- **TASK GOAL**:
For this exercise, write out only the lines of the entries below from the one with "Пристройка к дому на металлическом каркасе Пристройка" up to and including the one with "ring in 1997.", exactly as they are. Pictures stay out.
(Beginning of DATA LISTING)
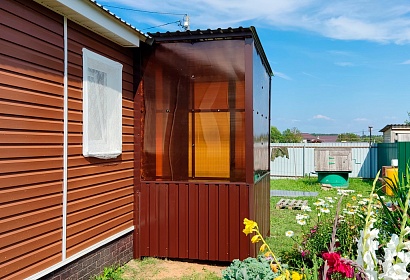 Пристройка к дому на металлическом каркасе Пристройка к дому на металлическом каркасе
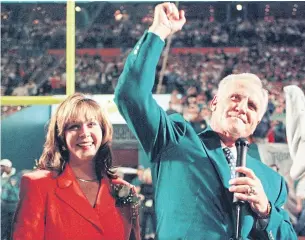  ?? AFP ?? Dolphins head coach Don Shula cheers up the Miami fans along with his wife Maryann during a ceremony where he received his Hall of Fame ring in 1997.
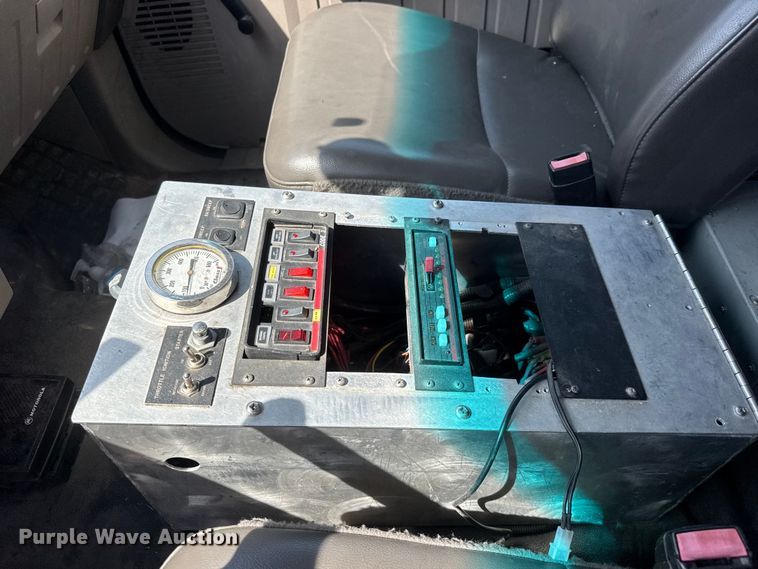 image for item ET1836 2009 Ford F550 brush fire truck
(End of DATA LISTING)
(Beginning of DATA LISTING)
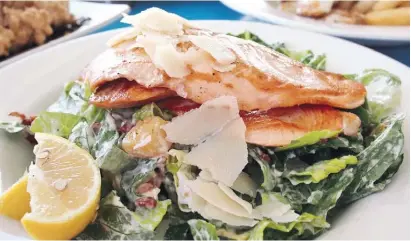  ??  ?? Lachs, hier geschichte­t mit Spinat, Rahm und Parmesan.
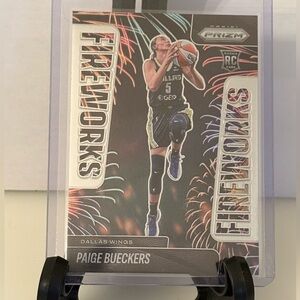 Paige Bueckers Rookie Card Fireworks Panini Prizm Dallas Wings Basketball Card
(End of DATA LISTING)
(Beginning of DATA LISTING)
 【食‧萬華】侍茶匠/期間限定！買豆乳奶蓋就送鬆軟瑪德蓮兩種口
(End of DATA LISTING)
- **RESPONSE BOX**:
 Пристройка к дому на металлическом каркасе Пристройка к дому на металлическом каркасе
  ?? AFP ?? Dolphins head coach Don Shula cheers up the Miami fans along with his wife Maryann during a ceremony where he received his Hall of Fame ring in 1997.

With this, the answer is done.